* [ASSIGNMENT]: Only the lines of the listing below that run from the line with "2433 Swans Rest" through the line with "mengukur bahan baku gitar2" are to be set down, word for word. Pictures stay out.

* [DATASET]:
- Opening Delimiter -
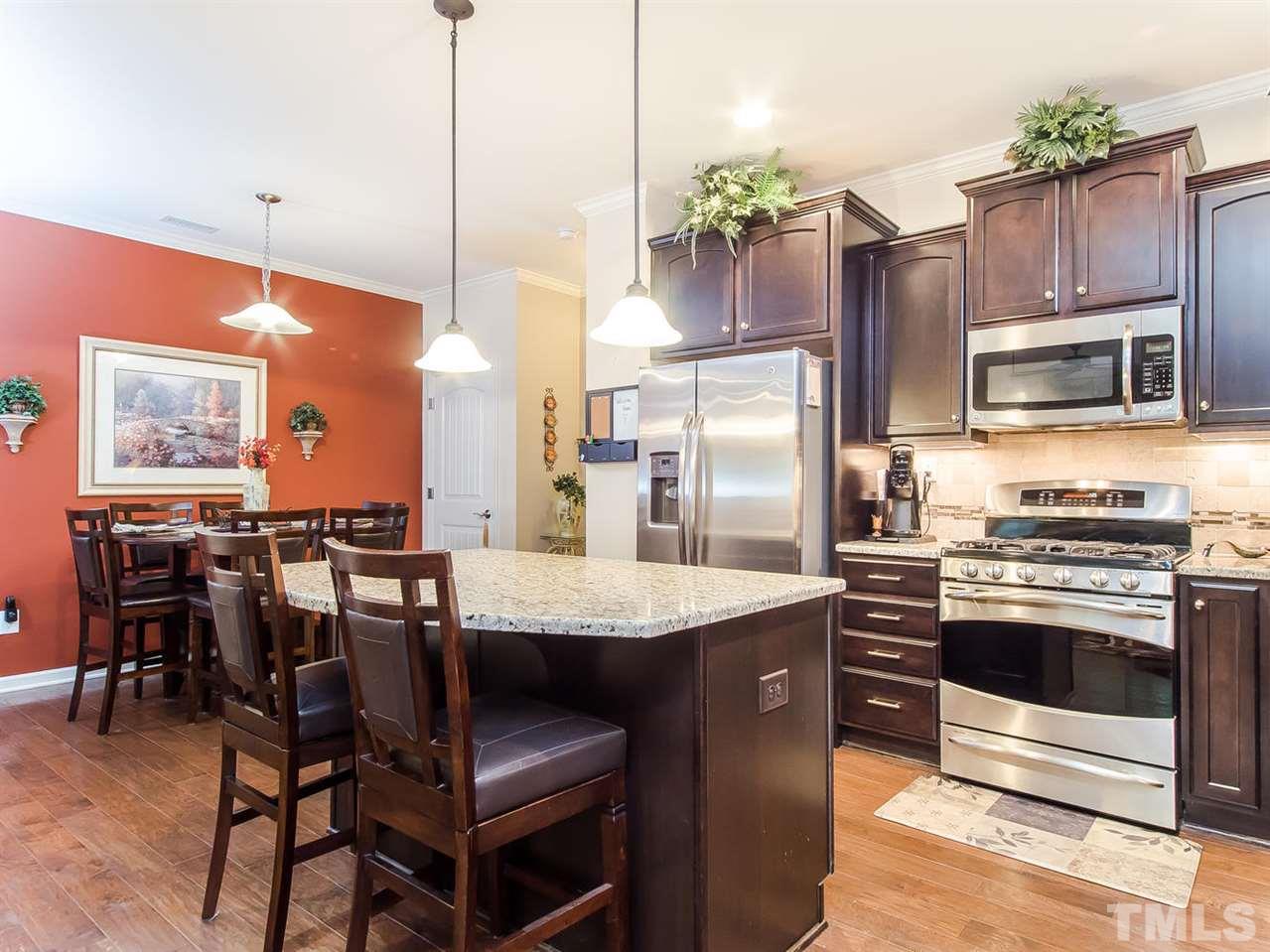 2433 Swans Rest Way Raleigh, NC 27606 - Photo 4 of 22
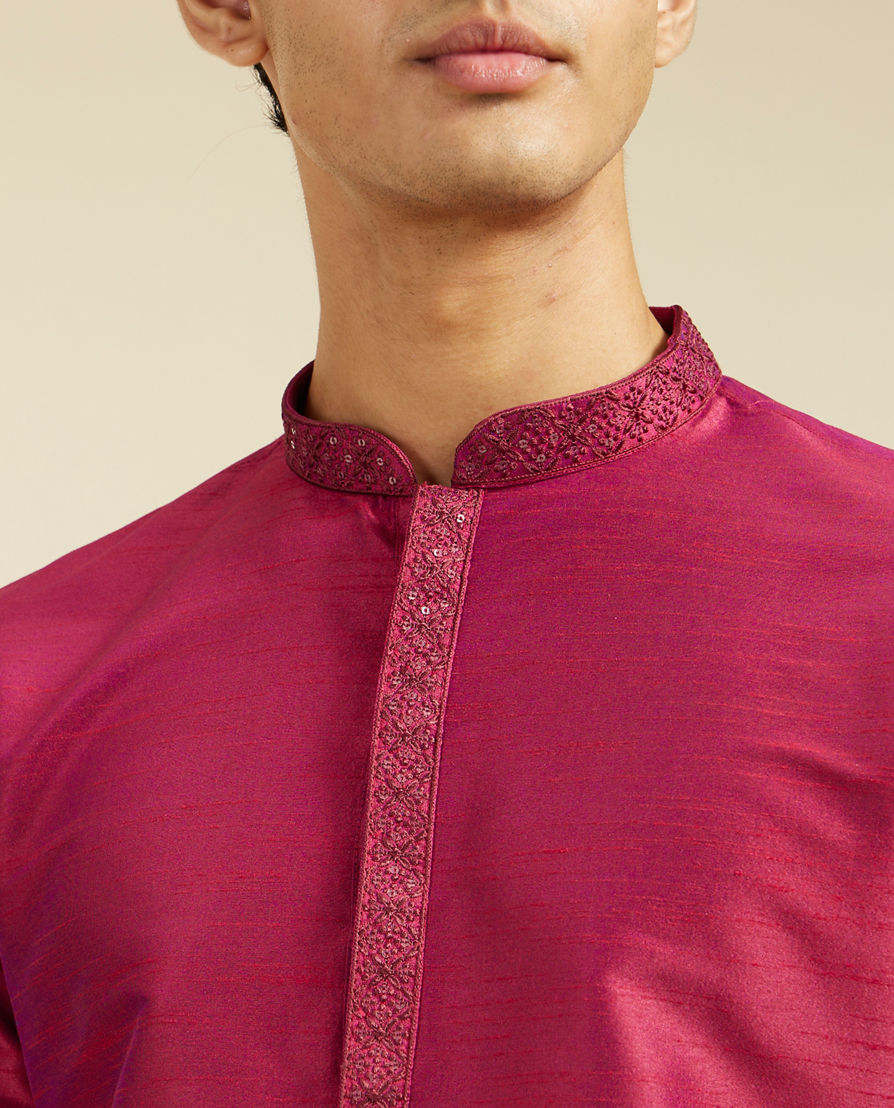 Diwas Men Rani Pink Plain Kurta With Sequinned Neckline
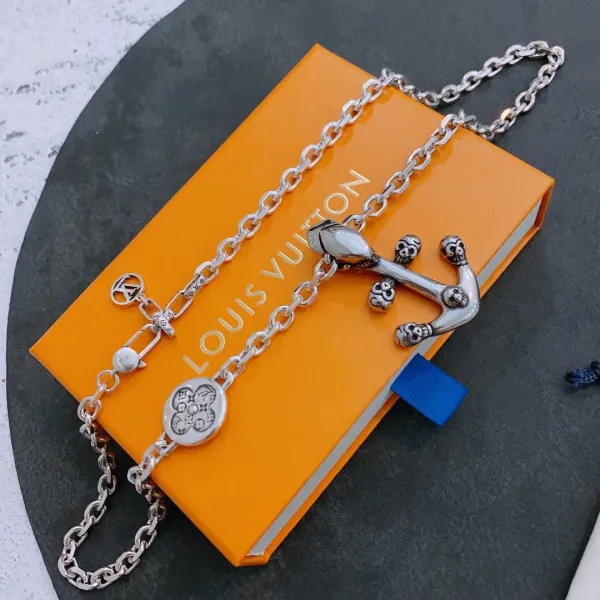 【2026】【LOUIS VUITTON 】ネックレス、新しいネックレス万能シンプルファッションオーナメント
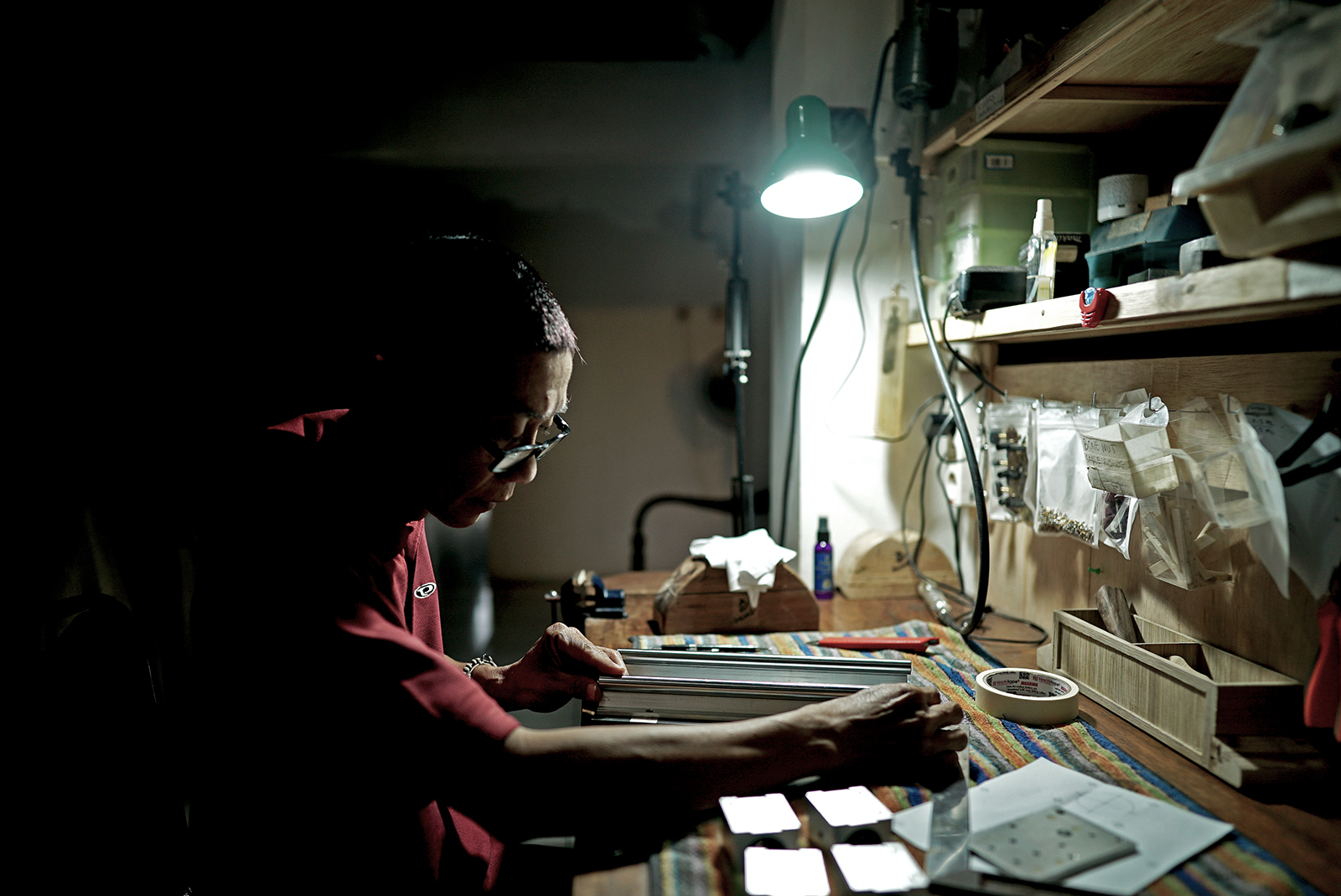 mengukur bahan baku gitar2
- Closing Delimiter -
- Opening Delimiter -
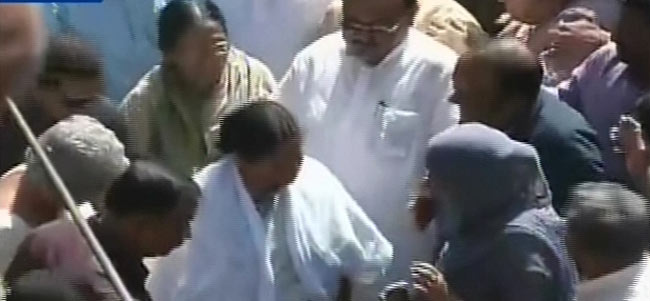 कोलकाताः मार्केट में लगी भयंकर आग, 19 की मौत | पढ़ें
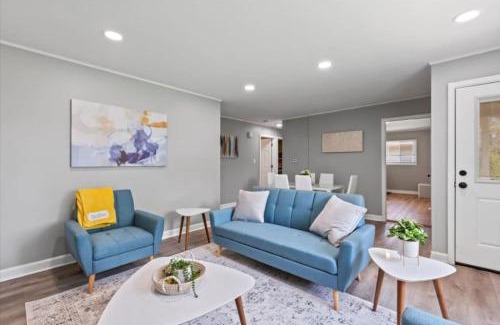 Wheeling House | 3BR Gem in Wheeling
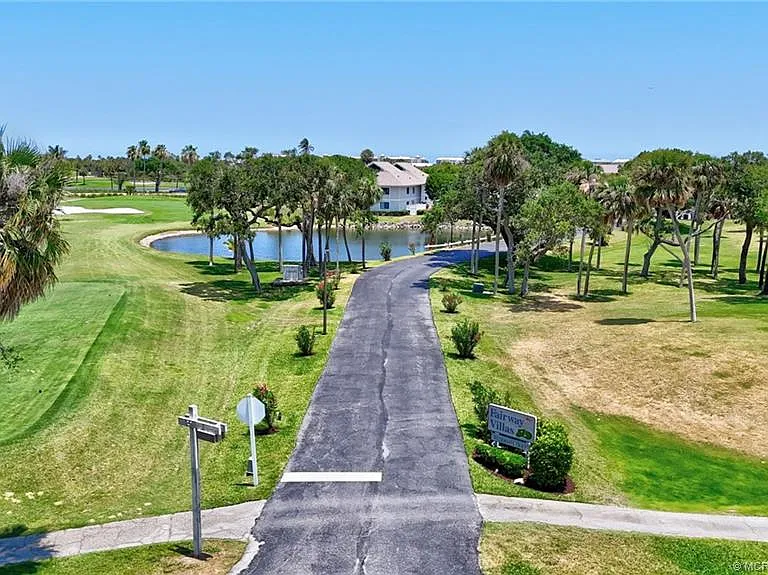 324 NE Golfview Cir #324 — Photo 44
- Closing Delimiter -
* [EXERCISE ANSWER]:
 2433 Swans Rest Way Raleigh, NC 27606 - Photo 4 of 22
 Diwas Men Rani Pink Plain Kurta With Sequinned Neckline
 【2026】【LOUIS VUITTON 】ネックレス、新しいネックレス万能シンプルファッションオーナメント
 mengukur bahan baku gitar2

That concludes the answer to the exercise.